The Shi’ite faction National Resistance Front (PPS), based in South Lebanon, announces in April 1985 that 17-year-old Sana’a Mehaidli has become the first woman suicide car bomber to perish in action. Sana’a Muheidli is a member of the “Brides of Blood”, a team of teenage girls trained for suicide missions. Before she sets out to meet her fate, she records a suicide note by way of video, explaining her actions:
I am very relaxed to go on this operation because I am carrying out the duty of my people. I decided on self-sacrifice and martyrdom for the sake of liberation of our land and our people, because I have seen the tragedy of our people from the humiliation of occupation and oppression, the killing of children, women and old men.”
She exhorts her mother not to mourn her death, rather, “be merry, and let your joy explode as if it were my wedding day”. Sana’a tells her parents that she is off to buy lipstick. She then drives off in a white Peugeot stuffed with TNT, crashing it into an Israeli convoy. She kills herself and two soldiers.

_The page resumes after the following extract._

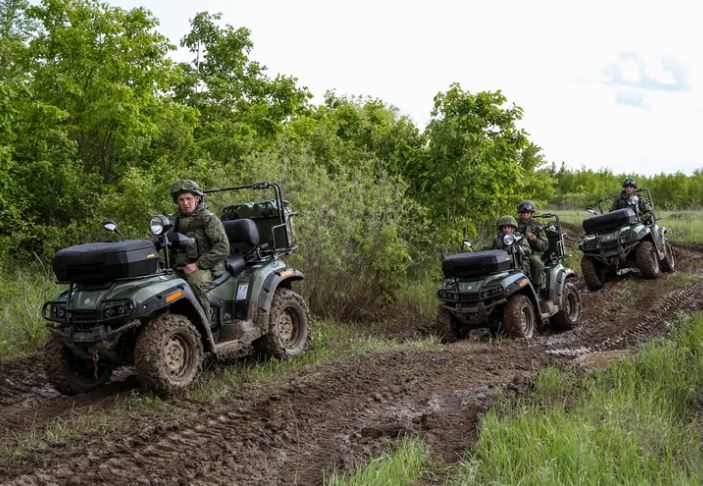 Quân đội Nga sử dụng xe địa hình và xe máy khi săn tìm mục tiêu Ukraine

When I read in the papers about a virgin of sixteen blowing herself up in the middle of a group of Israeli soldiers, it doesn’t surprise me very much. It’s the lugubrious yet joyful preparations that intrigue me. What string did the old woman or girl have to pull to detonate the grenades? How was the bodice arranged to make the girl’s body look womanly and enticing enough to rouse suspicion in soldiers with a reputation for intelligence?